Il a indiqué que la loi sur l'information et la communication (s36) donne le pouvoir au seul ministre de l'Information de suspendre ou de révoquer une licence de radiodiffusion, en soulignant que la sécurité n'a pas le pouvoir de fermer une station de radio.

 

Il a également révélé que leurs consultations avec le ministre avaient confirmé qu'aucun ordre de ce type n'émanait du bureau du ministre, Ebrima Sillah, disant que de plus, les conditions prévues pour le faire n'étaient pas remplies.

 

"Nous savons pourquoi les stations de radio ont été fermées. Nous savons pourquoi les journalistes ont été arrêtés et détenus, c'est la même raison pour laquelle Deyda Hydara a été assassiné sous Jammeh, c'est la même raison pour laquelle Chief Manneh a été tué sous l'ex-président Yahya Jammeh, c'est la même raison pour laquelle les maisons de presse ont été fermées quinze fois entre 1994 et 2016 sous Jammeh, c'est la même raison pour laquelle des dizaines de journalistes ont été torturés sous Jammeh, c'est la même raison pour laquelle plus de 20% des journalistes gambiens ont été contraints à l'exil sous Jammeh et c'est la même raison pour laquelle plus de vingt-cinq journalistes ont été agressés sous le président Adama Barrow et rien n'est fait à ce sujet.

 

Bojang a souligné que les attaques de dimanche rappellent vingt ans de répression brutale des médias, notant que le modus operandi de ce gouvernement porte la marque des tactiques utilisées par l'ancien gouvernement dans son mépris de la liberté de la presse et de l'Etat de droit.

 

"En tant que syndicat, nous avons engagé les services d'un avocat. Nos instructions sont très claires : obtenir la libération des journalistes détenus et engager une action civile contre l'État sur les questions liées à cette arrestation et à cette détention devant tout tribunal compétent pour les présider".

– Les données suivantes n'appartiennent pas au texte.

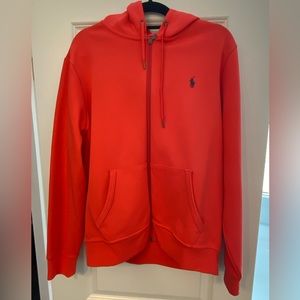 Men’s Polo Zipper Hoodie Sz L Orange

Il a ajouté : "Bien qu'il ne soit pas de notre ressort de commenter le fond du débat sur le mandat du président et les différends qui en découlent, nous demandons au gouvernement de lancer une enquête indépendante sur les troubles et d'agir de manière juste".

 

Bojang a ajouté "qu’il ne fait aucun doute que la façon dont toute cette question des "3 ans de Jotna" a été traitée, et la lourdeur de la sécurité, compromet, bafoue le processus de justice transitionnelle et de nos réformes démocratiques en cours".

  

Il a demandé au gouvernement de libérer immédiatement les journalistes et de lever l'interdiction des deux stations de radio.